### DATA PROVIDED
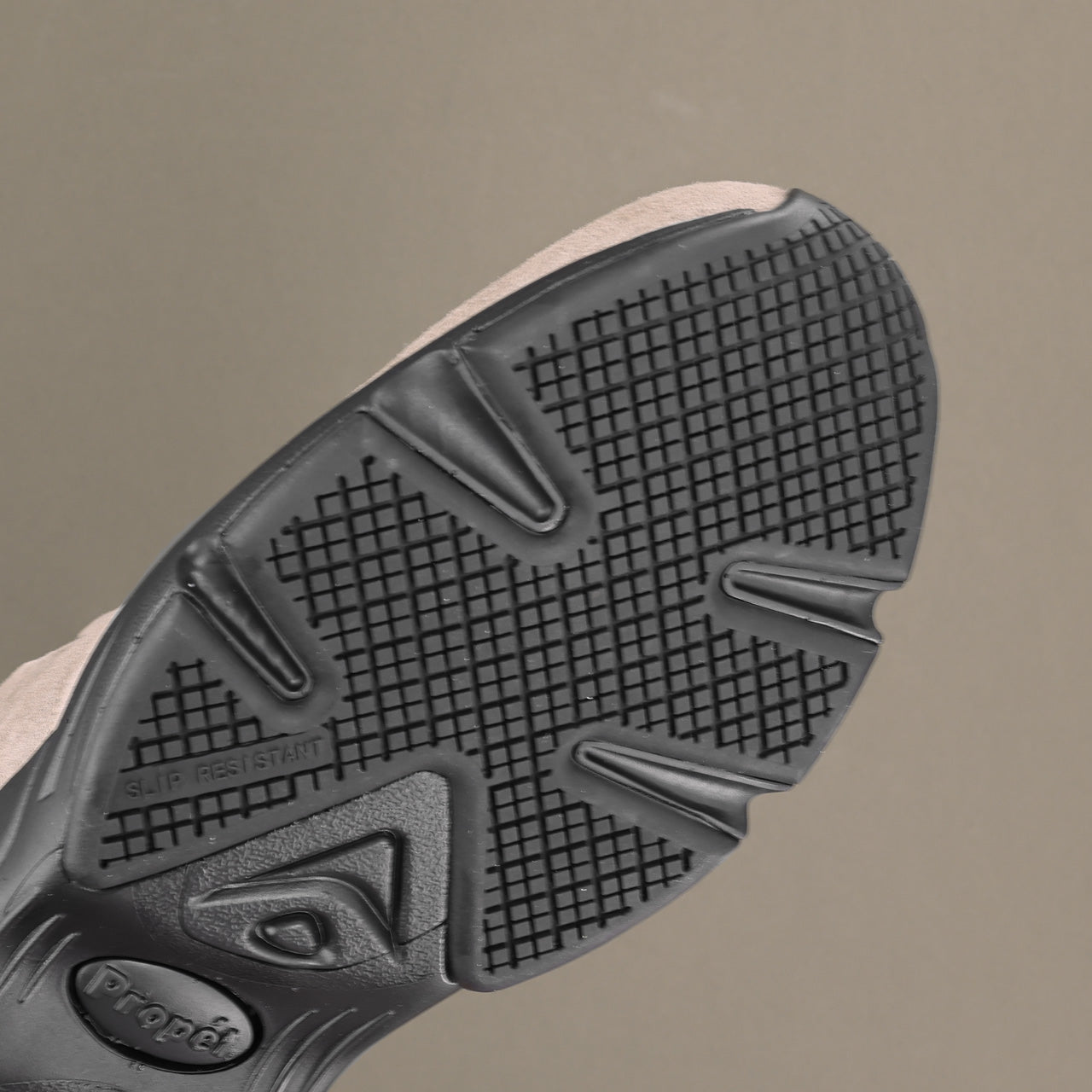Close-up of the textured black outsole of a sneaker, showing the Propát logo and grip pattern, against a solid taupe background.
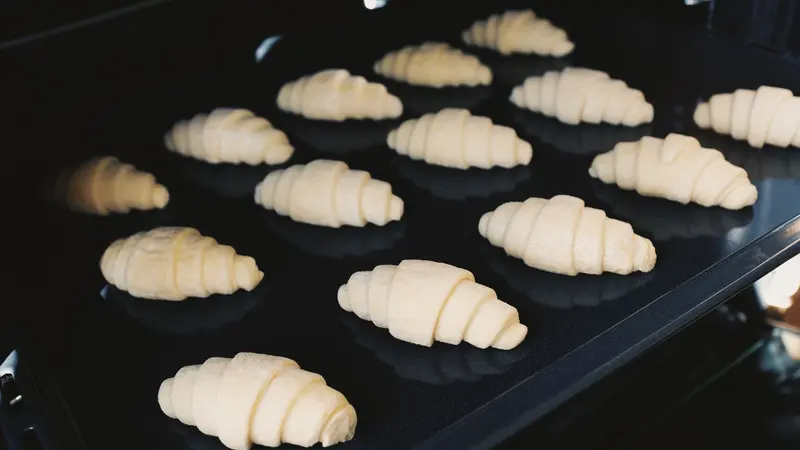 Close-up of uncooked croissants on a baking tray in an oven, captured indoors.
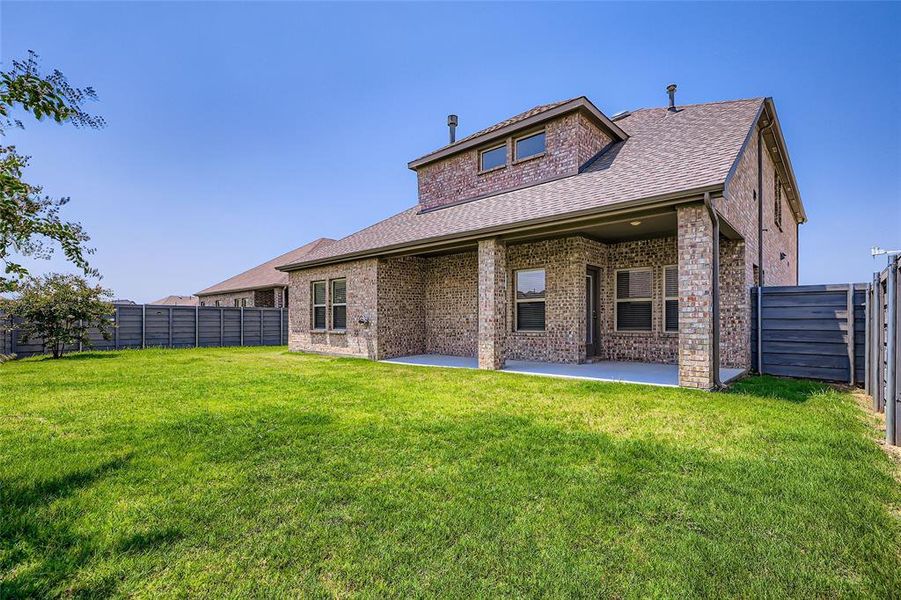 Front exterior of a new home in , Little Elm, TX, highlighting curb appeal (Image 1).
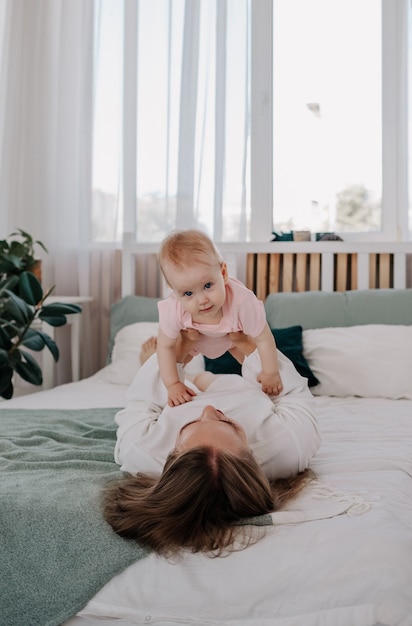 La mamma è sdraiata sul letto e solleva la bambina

### WHAT THE TASK ASKS
Go back to the line that contains "Close-up of uncooked" and copy it, along with each line after it through the end of the listing above, exactly and without pictures.

### FINISHED EXERCISE
 Close-up of uncooked croissants on a baking tray in an oven, captured indoors.
 Front exterior of a new home in , Little Elm, TX, highlighting curb appeal (Image 1).
 La mamma è sdraiata sul letto e solleva la bambina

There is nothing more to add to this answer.